Despite decades of research and drug development for cancer treatment, cancer still remains one of the major causes of human deaths in the world.1 Human cancers consist of a mixed population of malignant cells that carry multiple genetic mutations. It has been estimated that there are around 40 DNA mutations that result in amino acid changes in an individual tumor of glioblastoma2 or pancreatic cancer,3 and twice as many mutations in breast and colorectal cancers.4 Many of them are driver mutations that determine tumor initiation, progression, and metastasis. The genomic landscapes indicate that multiple signal transduction pathways determine the fate of a cancer cell, and it is almost impossible to treat cancer with a single therapeutic agent. It is thus not surprising that many of the recently developed targeted therapy drugs, such as the EGFR inhibitors for non-small-cell lung-cancer treatment and Herceptin for breast-cancer therapy, are effective in only a certain set of cancer patients;5, 6 and in many cases, drug resistance arises from additional genetic and epigenetic alterations. It has been reported that mutations within the EGFR gene,7, 8 the KRAS gene,9, 10 and up-regulation of other signaling pathways11, 12 could all cause resistance to EGFR-targeted therapy. Clearly, there is an urgent and persistent motivation to develop novel therapeutics independent of the genetic background of the cancer in the fight against this deadly disease.

Nanotechnology has played a crucial role in the development of cancer therapeutics.13 Doxil and Abraxane14–17 are just two examples of nanoformulated drugs. Gold nanoparticles (AuNPs) are currently being explored to induce hyperthermic cytotoxicity.18–22 When exposed to light at the correct wavelength, the conduction-band electrons of the nanoparticle generate heat that is transmitted to the cells and surrounding tissues. Thermal therapy has the advantage of killing cancer cells without causing resistance regardless of the genetic background, and thus can be applied to all cancer patients. However, successful application of this approach requires adequate accumulation of AuNPs in the tumor and sufficient tumor penetration of the excitation energy.23 Due to lack of effective delivery, tumor delivery of AuNPs in most studies has been relied on the enhanced permeability and retention (EPR) effect, a result of tumor blood vessel leakiness due to a state of ongoing angiogenesis, and thus has not been very efficient.24 It has been reported that less than 5% of the total injected dose of PEGylated AuNPs could ultimately reach the tumor tissue.22 The amount of AuNPs needed for each treatment makes it impractical for clinical therapies. Besides, AuNPs tend to accumulate unevenly in the tumor tissue dependent on particle size, surface charge, and other factors,25–27 which makes it difficult to eradicate the whole tumor tissue with this approach.

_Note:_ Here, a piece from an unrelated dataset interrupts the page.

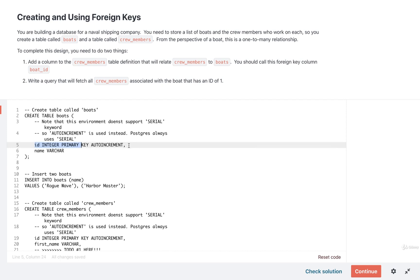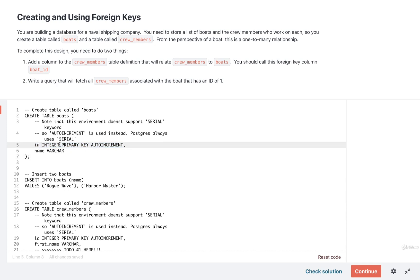Most notably, to set up a primary key with an auto-incrementing value inside of it, in Postgres, we use the keyword serial. We just saw that a moment ago. But inside this online JavaScript environment, we set up an equivalent column just a little bit differently. Instead of saying ID serial primary key, in this environment, it is ID integer primary key auto-increment.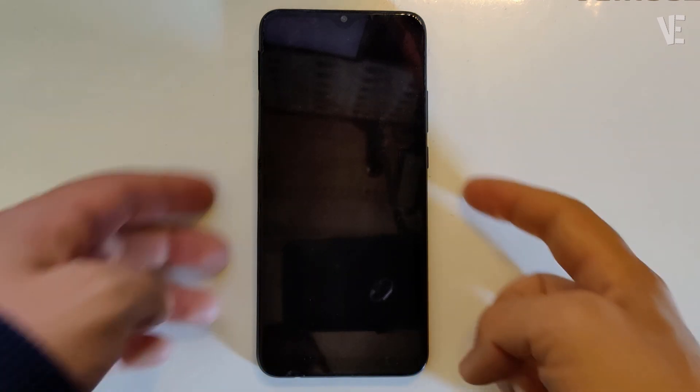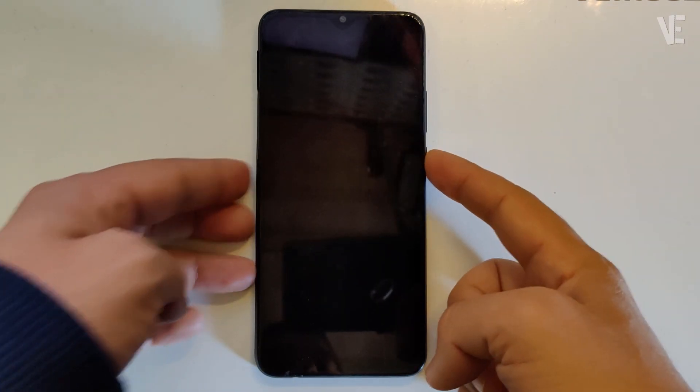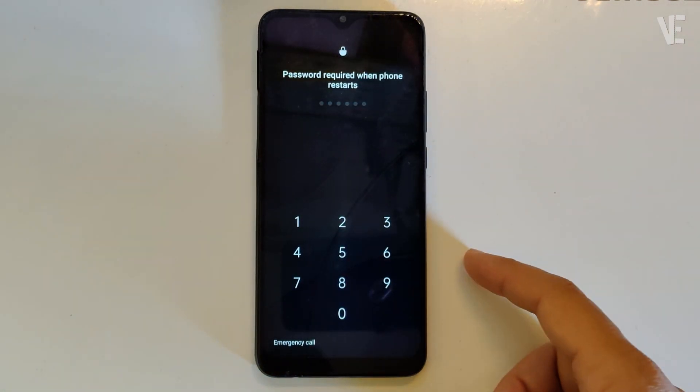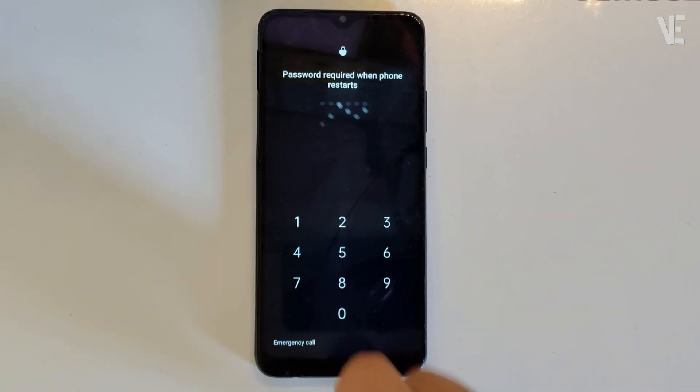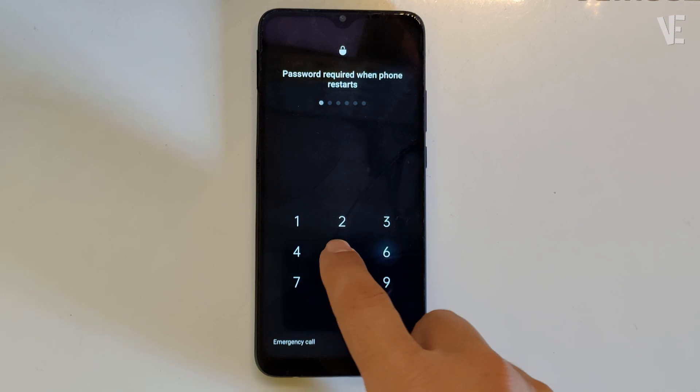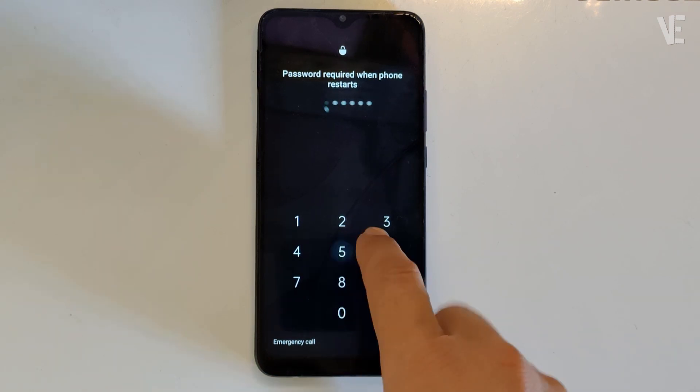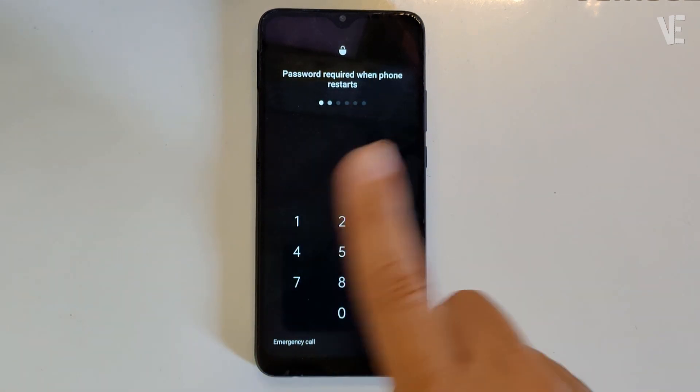Hi everyone, welcome to our channel. In today's video, we're going to show you how to reset the password on the Oppo A15 and unlock a forgot code lock screen.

We have previously developed a multistage vector delivery system based on porous silicon (pSi). This system is composed of two delivery carriers: the first stage is a degradable pSi vector and the second stage nanoparticles are loaded into the pores of pSi. The nanoparticles can be liposomes or micelles incorporated with therapeutics (third stage) or diagnostic agents.28 A major advantage of this system is that the size, shape, and surface properties of pSi can be tailored so that maximal tissue-specific localization and release of the therapeutics at the target tumor can be achieved.28–31 We have recently demonstrated successful application of this system to deliver siRNA therapeutics for cancer treatment with two mouse models of ovarian cancers.32, 33

Here, we designed a pSi nanoassembly with hollow gold nanoshells (HAuNSs) to explore photothermal effects for therapeutics, taking advantage of the nanoscale effect. HAuNSs are favorable over solid AuNPs, since hollow gold responds to near-infrared (NIR) light, which has a deep penetration inside the body and causes less damage comparing to a shorter wavelength light to tissues due to less absorbance by the tissue chromophores. We used human and mouse breast cancer lines to test cell killing in vitro and the mouse model of 4T1 mammary tumor for in vivo studies. The potential mechanism of action with the new therapeutics will be discussed.

pSi particles were fabricated in three major steps: the formation of porous silicon films, photolithographic patterning of particles, and reactive ion etching. The porous structure of the particles was tailored by electrochemical etching to a mean pore size of 60 nm and a porosity of about 80%, while the particle sizes were precisely defined by photolithography to 1000 nm in diameter and 400 nm in thickness. Scanning electron microscopy (SEM) images revealed that the pores were evenly distributed across the whole area (Figure 1A and B). Since the surface of the silicon particles was conjugated with 3-aminopropyltriethoxysilane (APTES), these particles were positively charged, which facilitated loading of the negatively charged HAuNSs by favorable electrostatic interactions (Figure 1C). Multiple HAuNSs particles could be found in each pore across the whole silicon microparticle.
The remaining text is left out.